Late last year, Donald Trump’s White House sketched out a plan to not only slash funding for the Department of Housing and Urban Development, but also gut HUD programs intended to benefit the poor, the elderly, and the homeless.
And while this plan was taking shape, Ben Carson, the secretary of Housing and Urban Development, was getting a new dining room set for his office — worth $31,000, and paid for by taxpayers. The New York Times reported:
Department officials did not request approval from the House or Senate Appropriations Committees for the expenditure of $31,561, even though federal law requires congressional approval “to furnish or redecorate the office of a department head” if the cost exceeds $5,000.
[A HUD spokesperson] said department officials did not request congressional approval because the dining set served a “building-wide need.” The table is inside the secretary’s 10th-floor office suite.
The same spokesperson for the cabinet agency said Carson did not personally make the purchase, but also does not intend to return the expensive furniture.
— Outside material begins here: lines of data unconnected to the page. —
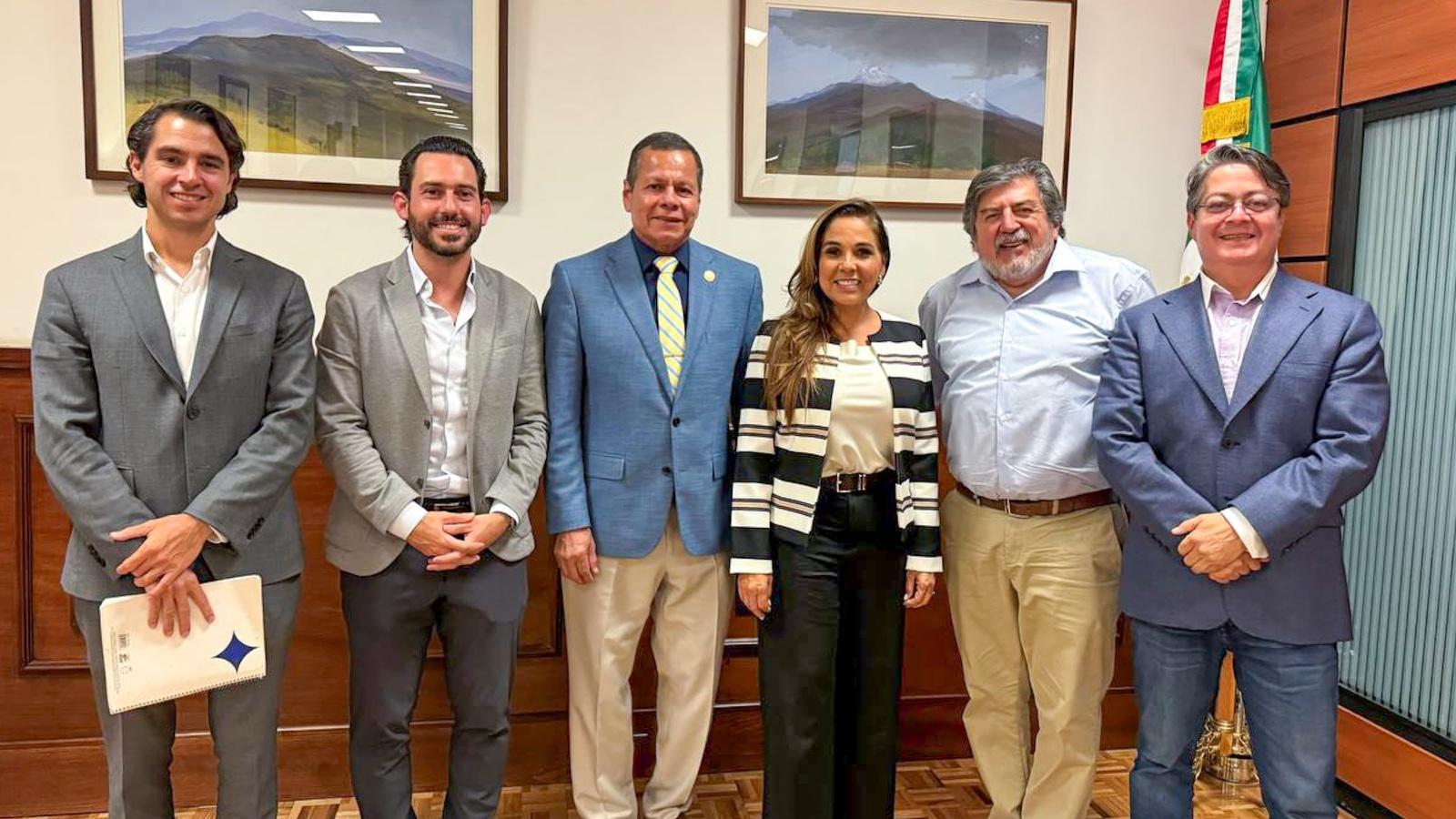 Trabajo por mejora en seguridad y movilidad en el Aeropuerto Internacional de Cancún. La gobernadora Mara Lezama Espinosa sostuvo una reunión esta tarde con el subsecretario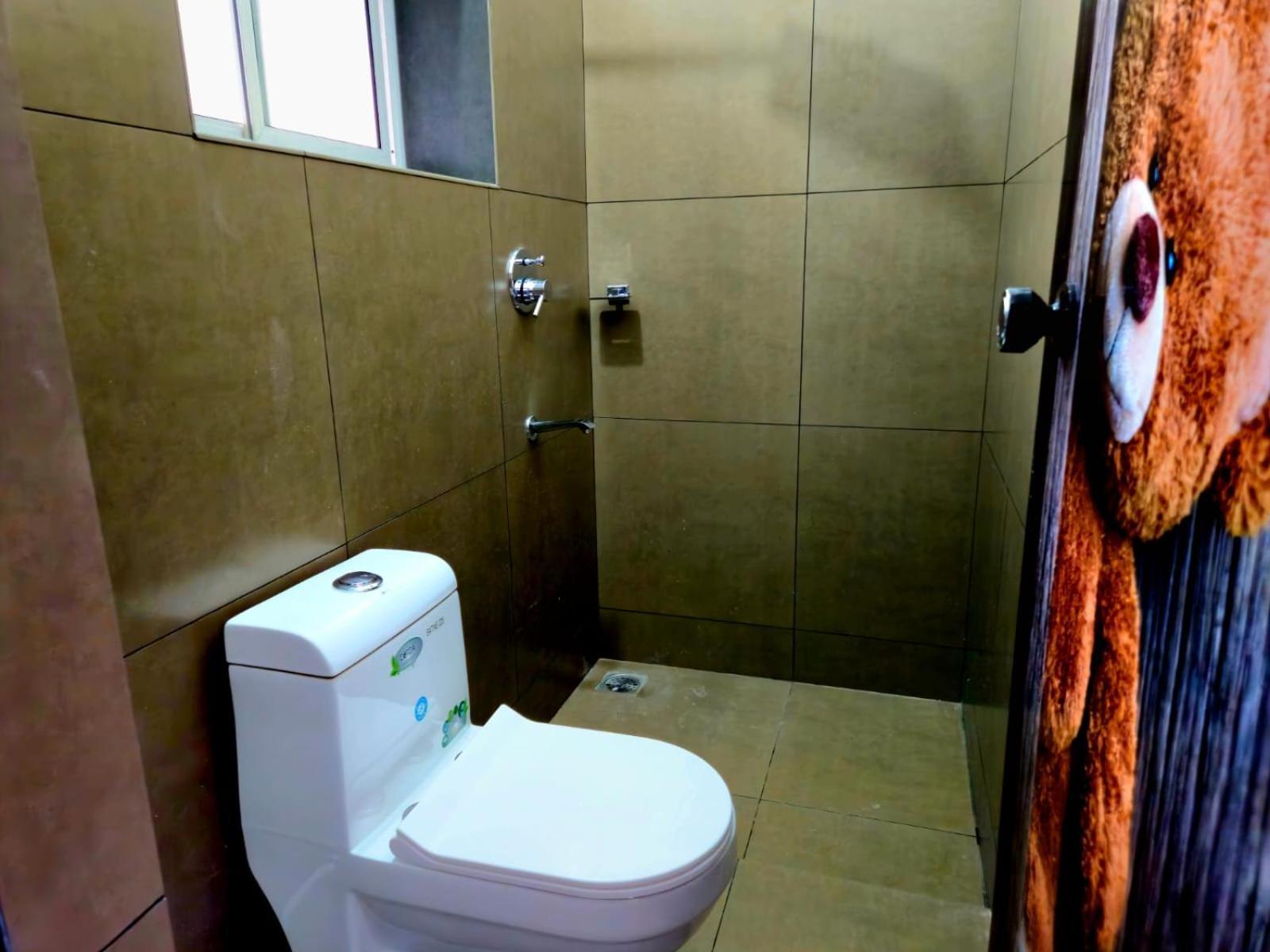Orion Seaview Beach Hotel Kovalam Bagian luar foto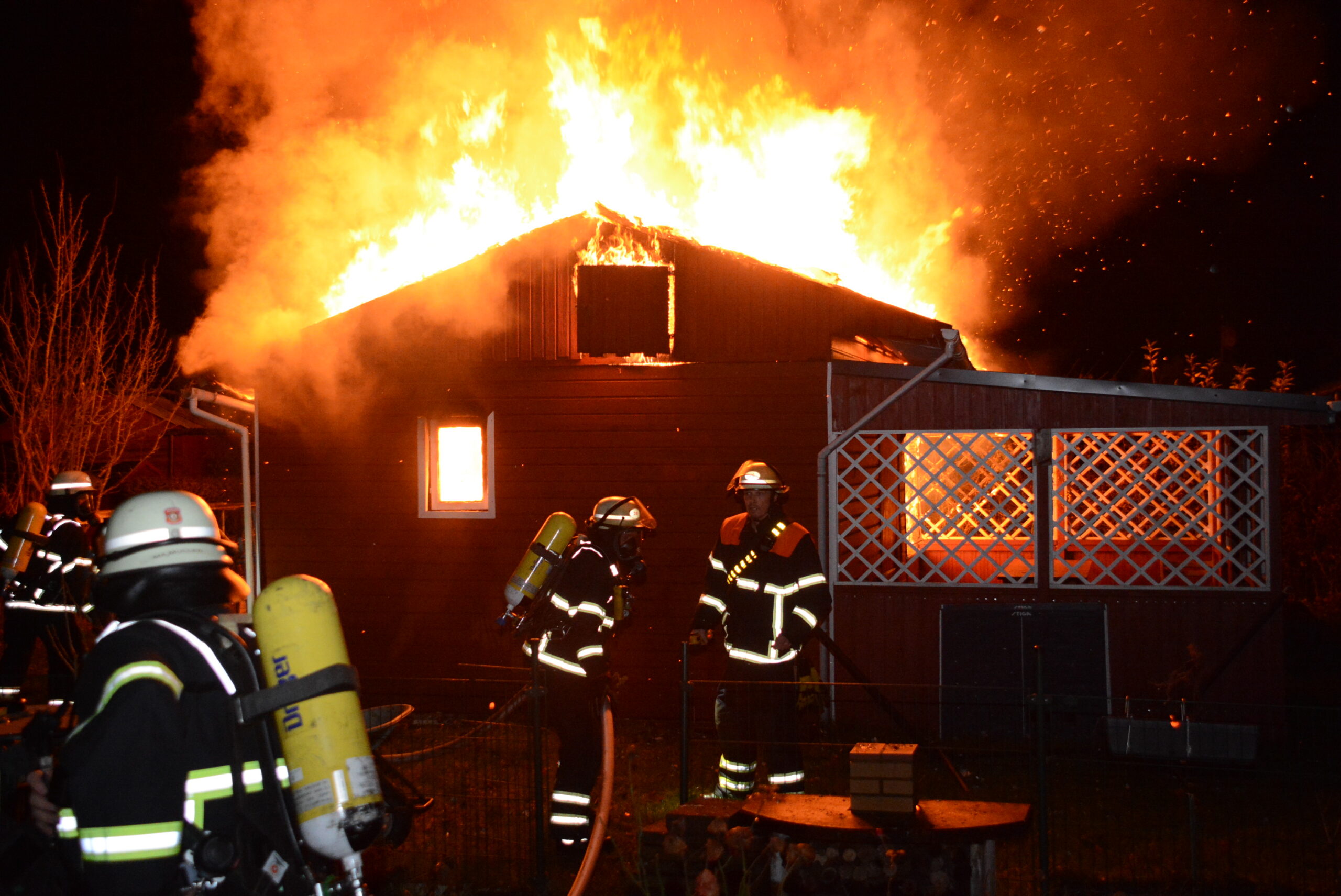 Meterhohe Flammen in Bergedorf – Feuerwehr hat große Mühe brennendes Holzhaus zu löschen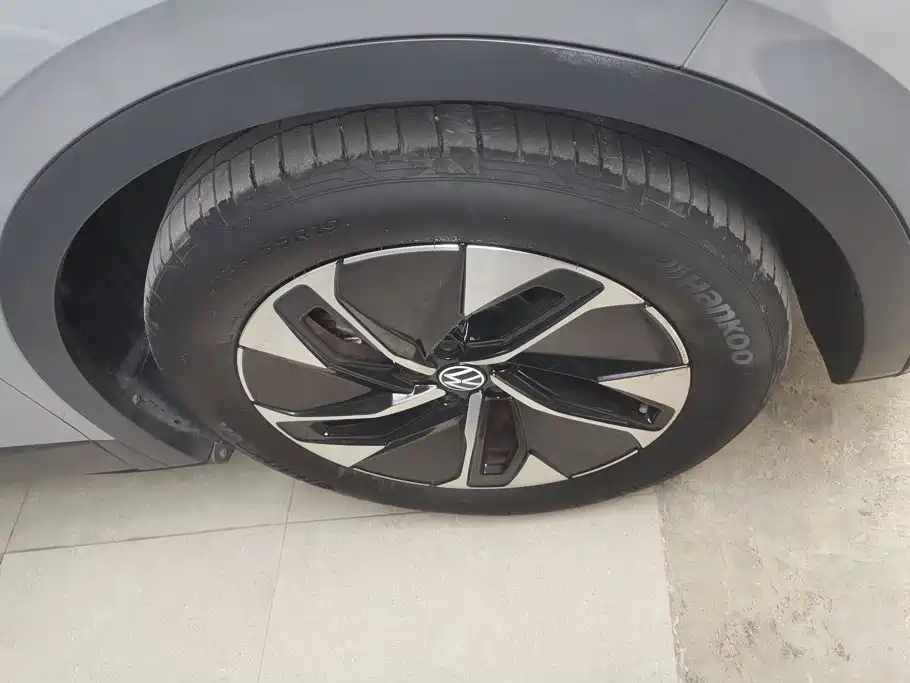 Volkswagen ID.4 Crozz — миниатюра 5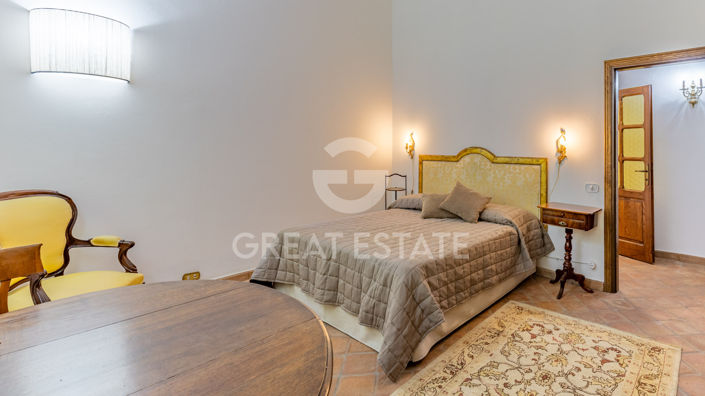 Image No.49-7 Bed Country House for sale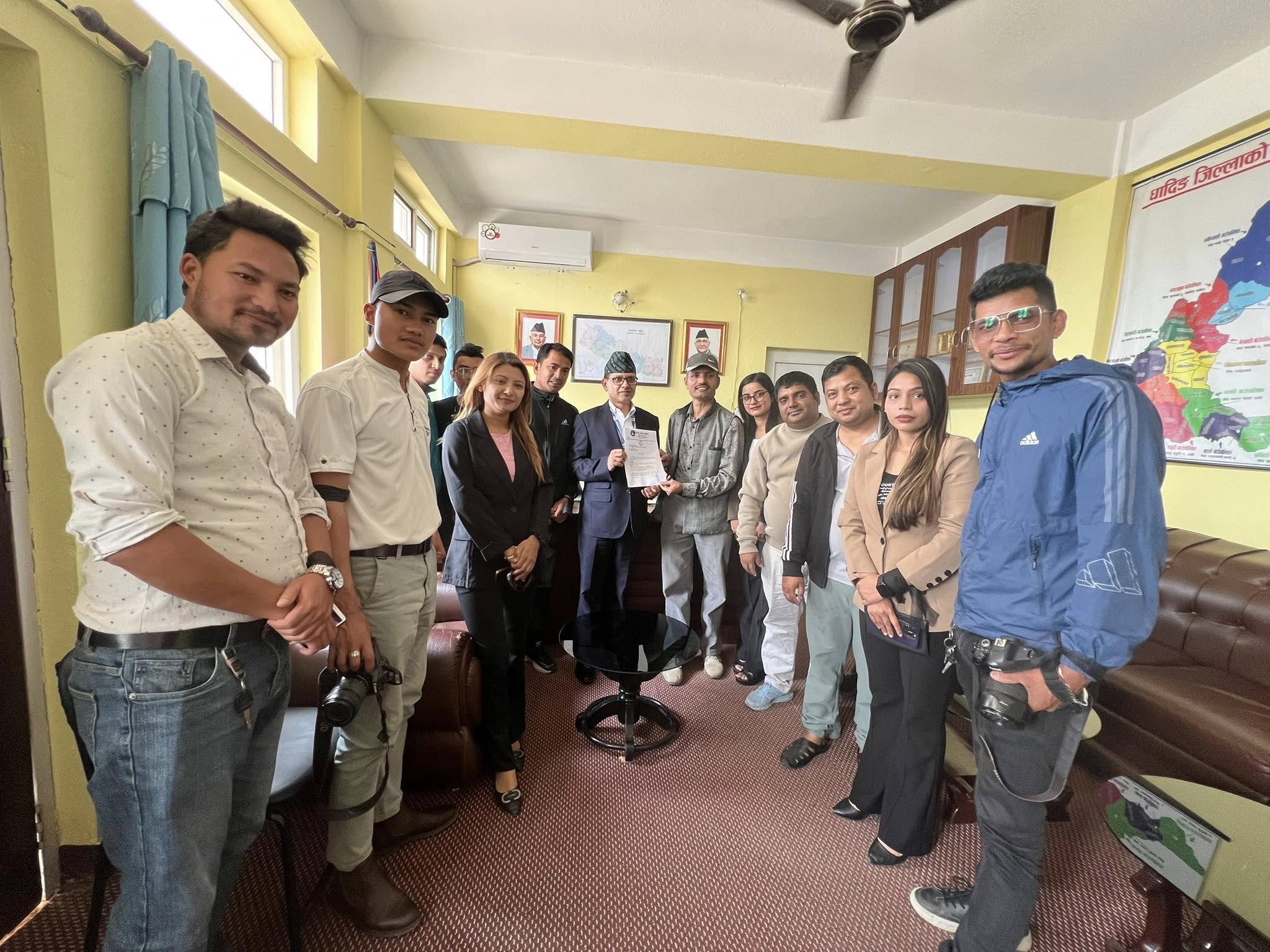 दोषीलाई कारबाहीको माग राख्दै प्रमुख जिल्ला अधिकारीमार्फत प्रधानमन्त्रीलाई ध्यानाकर्षण पत्र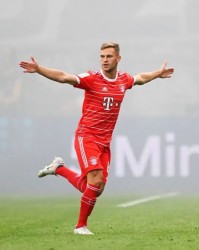  穆西亚拉梅开二度登顶射手榜首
The Washington Post had a related report, highlighting Helen Foster, HUD’s former chief administration officer, who complained internally about the amount of time she had to spend on plans to redecorate Ben Carson’s office. She said in an email to a colleague that she had to answer “endless questions about why I won’t fund more than the $5000 limit” for redecorating the office. “I do like 3 meetings a day on that,” she wrote on Feb. 22, 2017. “I hate this.”